__Image-caption web data__.
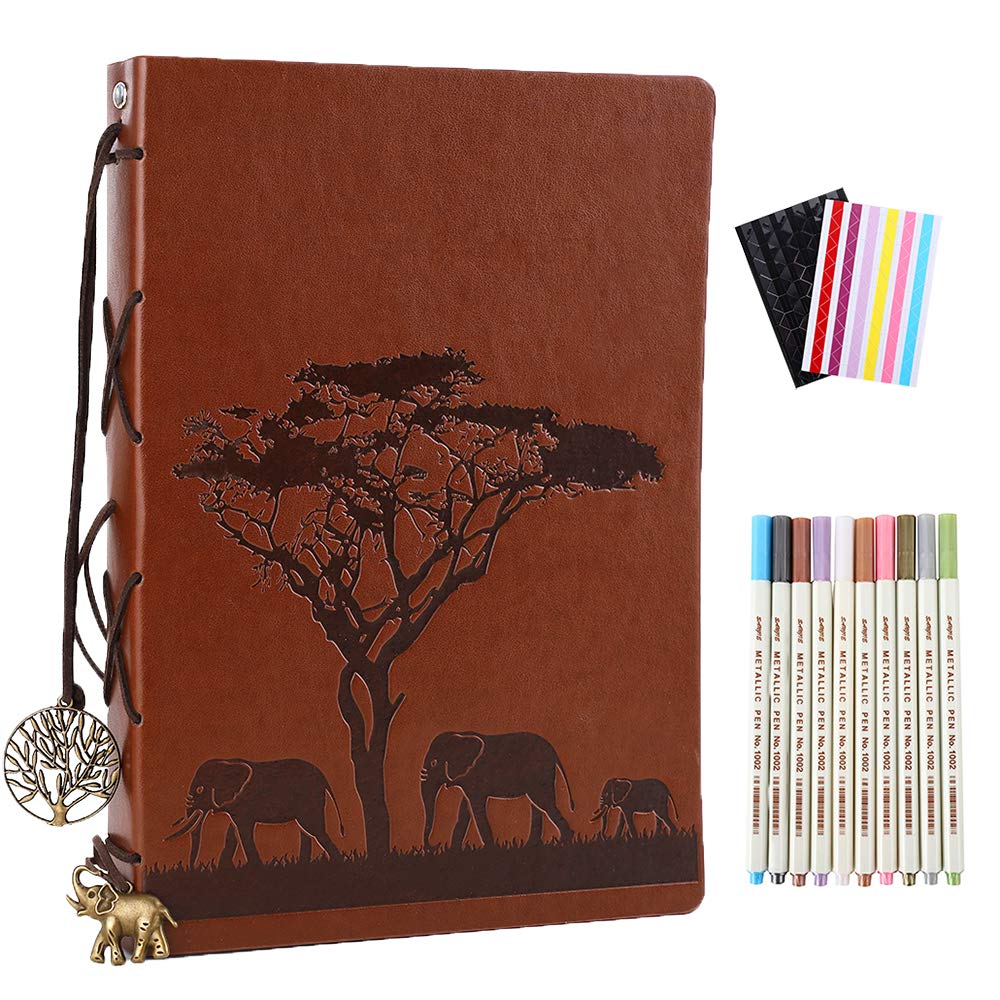 YHH Photo Album Scrapbook Black Pages, Vintage Leather Holiday Scrap Book Refillable Memory Book DIY Scrapbooking Christmas Birthday Gift for Men Women Anniversary Present for Dad Mum Elephant Family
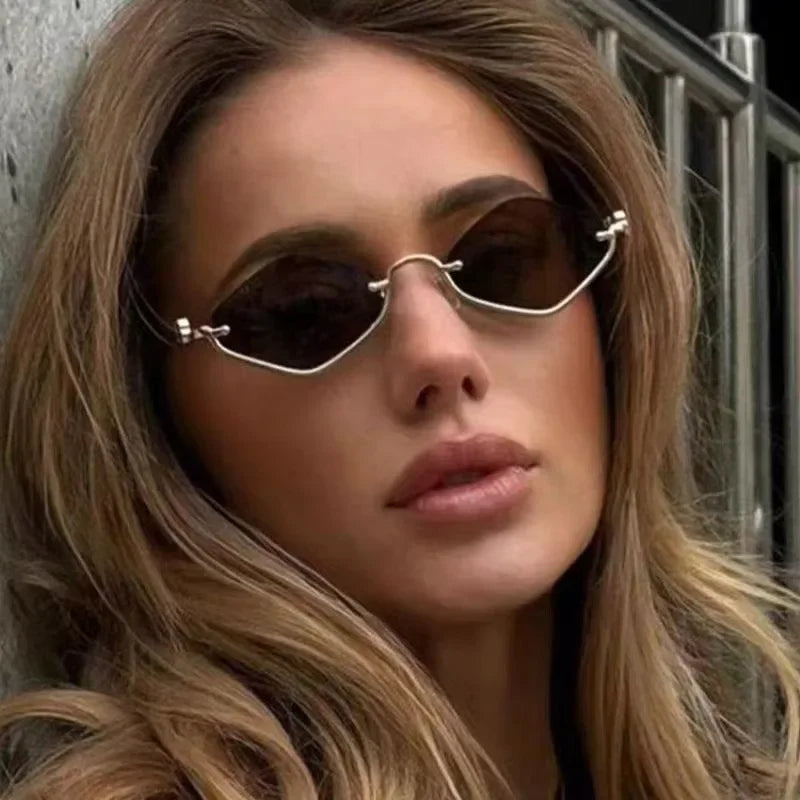 Trendy Half Frame Diamond Shaped Sunglasses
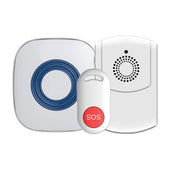 Lifemax Friends and Family Wireless SOS Pack with alarm, chime pager, and speaker on a white background, front view.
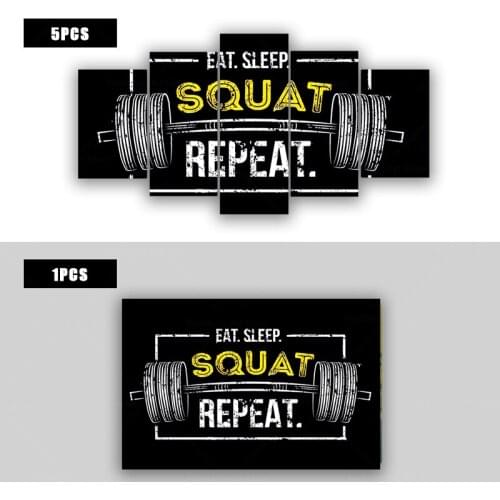 EAT. SLEEP. SQUAT REPEAT.Motivational Workout Posters Canvas Painting Wall Chart Exercise Wall Art Gym Decor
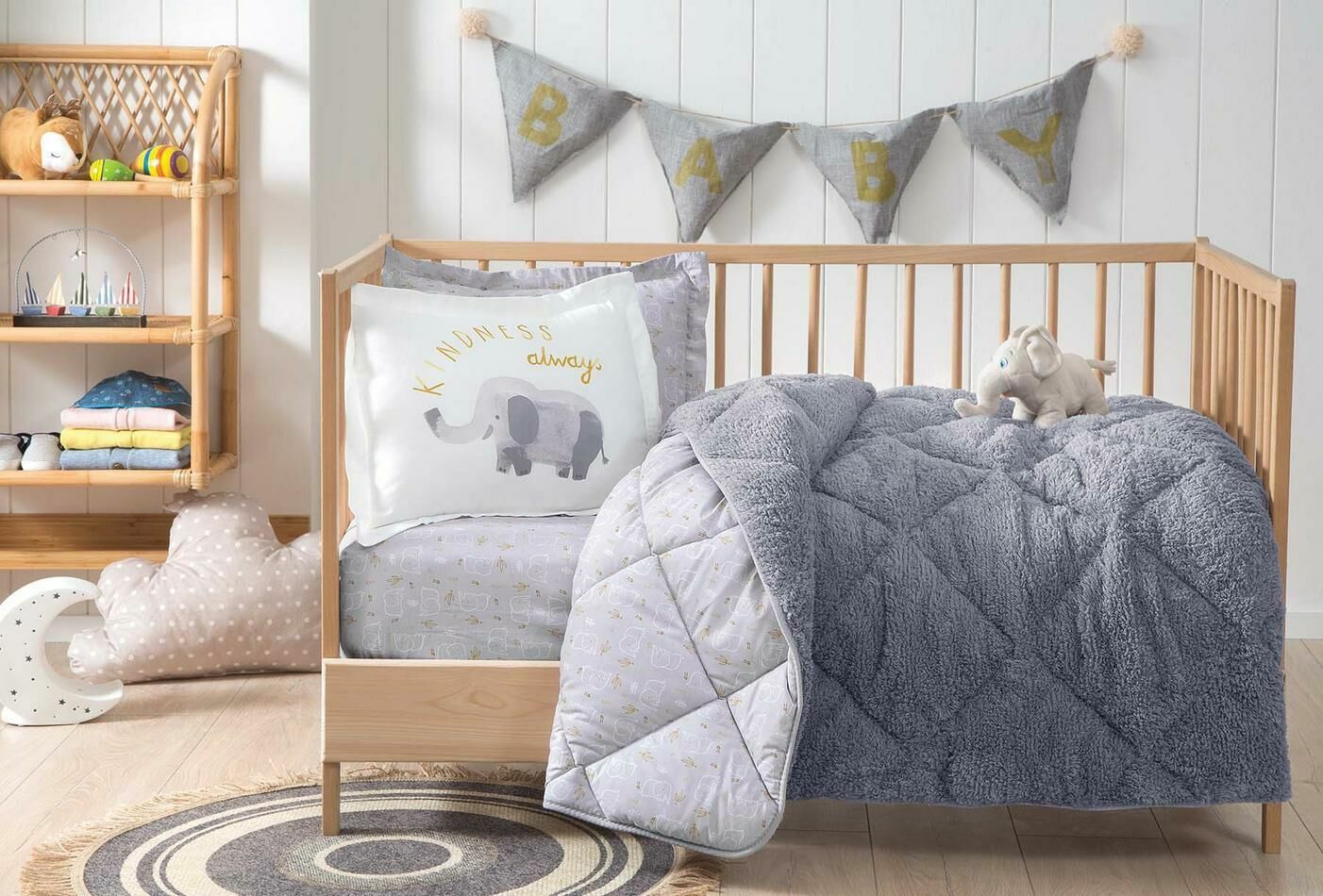 Yataş Bedding Bebek Fante Triola Set - Gri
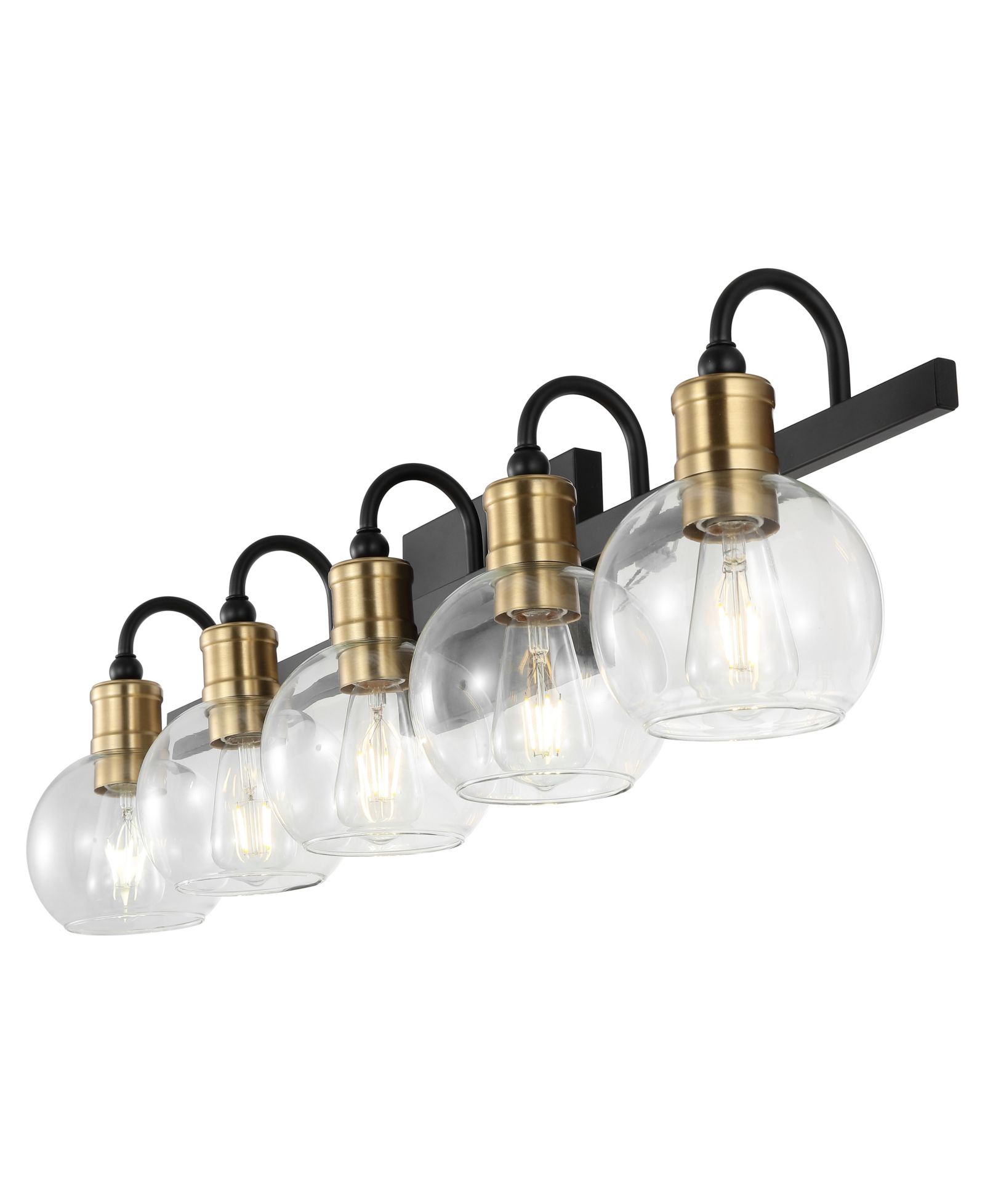 Marais 36.5" 5-Light Iron/Glass Rustic Vintage LED Vanity Light, Black/Brass Gold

__What is expected__. Write out the records above exactly. Begin with the first line, end with the line holding "Yataş Bedding Bebek Fante Triola Set - Gri", and drop the pictures.

__Result__.
 YHH Photo Album Scrapbook Black Pages, Vintage Leather Holiday Scrap Book Refillable Memory Book DIY Scrapbooking Christmas Birthday Gift for Men Women Anniversary Present for Dad Mum Elephant Family
 Trendy Half Frame Diamond Shaped Sunglasses
 Lifemax Friends and Family Wireless SOS Pack with alarm, chime pager, and speaker on a white background, front view.
 EAT. SLEEP. SQUAT REPEAT.Motivational Workout Posters Canvas Painting Wall Chart Exercise Wall Art Gym Decor
 Yataş Bedding Bebek Fante Triola Set - Gri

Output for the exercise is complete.